Member Spotlight: U.S. Truth, Racial Healing, and Transformation Commission

This week, we're spotlighting the U.S. Truth, Racial Healing, and Transformation Commission (H.Con.Res.100) - a resolution drafted and written by SSN member Marcus Anthony Hunter. The Commission, which would "properly acknowledge, memorialize, and be a catalyst for progress, including toward permanently eliminating persistent racial inequities" garnered 170 cosponsors in the House as of December 2020.

Alongside this effort, Senator Cory Booker has also introduced companion legislation which would establish a national Archive of Racial and Cultural Healing to provide scholarships, training, and student loan relief for students as well as residencies, exhibits, and trainings for and by Black cultural workers, entrepreneurs, scholars, and artists. As an accessible, digital “repository of accountability” for restorative justice, the ARCH is designed to create and maintain an accurate national history of 400+ years of racial injustice.

So far, the US National TRHT Coalition has gained the support of major civic groups, civil rights advocates, the philanthropic community, faith leaders, schools, scholars, artists, celebrities, and others. Representatives have also met with the Biden-Harris administration to discuss furthering this work through executive action. Bravo to Marcus for his instrumental role in this bipartisan effort! 

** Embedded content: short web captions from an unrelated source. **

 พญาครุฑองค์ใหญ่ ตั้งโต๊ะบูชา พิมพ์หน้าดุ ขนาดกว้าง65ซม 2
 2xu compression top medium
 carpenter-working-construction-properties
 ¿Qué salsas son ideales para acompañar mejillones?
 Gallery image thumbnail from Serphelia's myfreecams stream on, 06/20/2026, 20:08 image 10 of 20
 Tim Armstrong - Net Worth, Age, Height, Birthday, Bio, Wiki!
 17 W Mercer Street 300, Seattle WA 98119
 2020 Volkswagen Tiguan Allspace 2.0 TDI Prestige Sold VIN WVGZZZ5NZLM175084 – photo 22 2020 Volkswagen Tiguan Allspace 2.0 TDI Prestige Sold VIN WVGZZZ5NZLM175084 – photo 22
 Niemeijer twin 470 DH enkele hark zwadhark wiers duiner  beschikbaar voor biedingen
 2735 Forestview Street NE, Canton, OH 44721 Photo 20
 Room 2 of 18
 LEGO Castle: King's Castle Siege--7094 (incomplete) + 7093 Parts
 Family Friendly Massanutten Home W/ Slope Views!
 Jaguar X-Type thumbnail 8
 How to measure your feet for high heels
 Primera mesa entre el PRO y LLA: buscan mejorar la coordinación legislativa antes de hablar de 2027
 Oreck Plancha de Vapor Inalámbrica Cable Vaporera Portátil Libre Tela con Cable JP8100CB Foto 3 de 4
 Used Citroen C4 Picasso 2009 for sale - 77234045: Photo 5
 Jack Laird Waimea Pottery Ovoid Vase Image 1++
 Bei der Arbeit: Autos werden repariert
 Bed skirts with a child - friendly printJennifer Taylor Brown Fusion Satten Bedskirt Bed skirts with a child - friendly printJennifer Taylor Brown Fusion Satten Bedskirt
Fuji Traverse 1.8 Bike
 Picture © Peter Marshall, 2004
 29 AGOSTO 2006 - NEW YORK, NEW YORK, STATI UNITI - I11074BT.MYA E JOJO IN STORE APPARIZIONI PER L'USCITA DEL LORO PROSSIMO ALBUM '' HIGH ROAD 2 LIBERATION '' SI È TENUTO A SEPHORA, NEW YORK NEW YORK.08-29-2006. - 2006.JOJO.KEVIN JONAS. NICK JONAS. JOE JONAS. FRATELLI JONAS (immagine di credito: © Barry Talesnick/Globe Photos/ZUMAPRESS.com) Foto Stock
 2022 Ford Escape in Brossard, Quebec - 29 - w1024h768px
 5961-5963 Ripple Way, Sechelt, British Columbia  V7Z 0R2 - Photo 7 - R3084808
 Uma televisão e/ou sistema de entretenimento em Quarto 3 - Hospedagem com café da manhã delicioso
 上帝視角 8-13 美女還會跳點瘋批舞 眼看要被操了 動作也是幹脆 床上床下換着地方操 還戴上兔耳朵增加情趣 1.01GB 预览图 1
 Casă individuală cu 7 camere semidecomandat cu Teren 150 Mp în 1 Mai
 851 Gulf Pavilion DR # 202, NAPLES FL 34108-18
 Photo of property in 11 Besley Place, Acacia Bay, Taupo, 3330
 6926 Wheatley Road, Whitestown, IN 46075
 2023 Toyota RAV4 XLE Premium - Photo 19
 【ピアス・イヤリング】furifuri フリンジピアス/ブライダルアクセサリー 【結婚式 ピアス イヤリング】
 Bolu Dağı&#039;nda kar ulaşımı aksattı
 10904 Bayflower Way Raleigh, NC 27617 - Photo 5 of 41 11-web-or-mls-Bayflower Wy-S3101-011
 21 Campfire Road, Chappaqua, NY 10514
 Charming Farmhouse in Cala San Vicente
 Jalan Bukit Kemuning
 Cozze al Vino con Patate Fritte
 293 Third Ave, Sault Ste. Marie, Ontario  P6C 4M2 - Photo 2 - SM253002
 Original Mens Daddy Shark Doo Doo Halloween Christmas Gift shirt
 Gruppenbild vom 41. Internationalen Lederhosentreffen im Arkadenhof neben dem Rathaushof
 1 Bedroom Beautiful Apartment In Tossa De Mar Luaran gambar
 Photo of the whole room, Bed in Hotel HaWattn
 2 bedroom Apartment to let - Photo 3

University of California-Los Angeles
Marcus Anthony Hunter

Hunter is generally interested in urban race relations, sexuality, politics, gender, history and change with an especial focus on urban black Americans. His book, Black Citymakers: How the Philadelphia Negro Changed Urban America (Oxford University Press) revisits the Black Seventh Ward neighborhood immortalized in W.E.B. DuBois’s The Philadelphia Negro. Through the dual lens of political agency and critical historical events, Black Citymakers follows the transformation of the neighborhood from predominantly black at the beginning of the 20th century into a largely white upper middle class and commercial neighborhood by the century’s conclusion. His research has benefited from grants from the National Science Foundation, the Social Science Research Council, and the Woodrow Wilson National Fellowship Foundation. In addition, Hunter’s research and commentary on urban black life and inequality has been featured in the journals the Du Bois Review, City & Community, Sexuality Research & Social Policy and the Washington Post, Talking Points Memo, and the New York Times.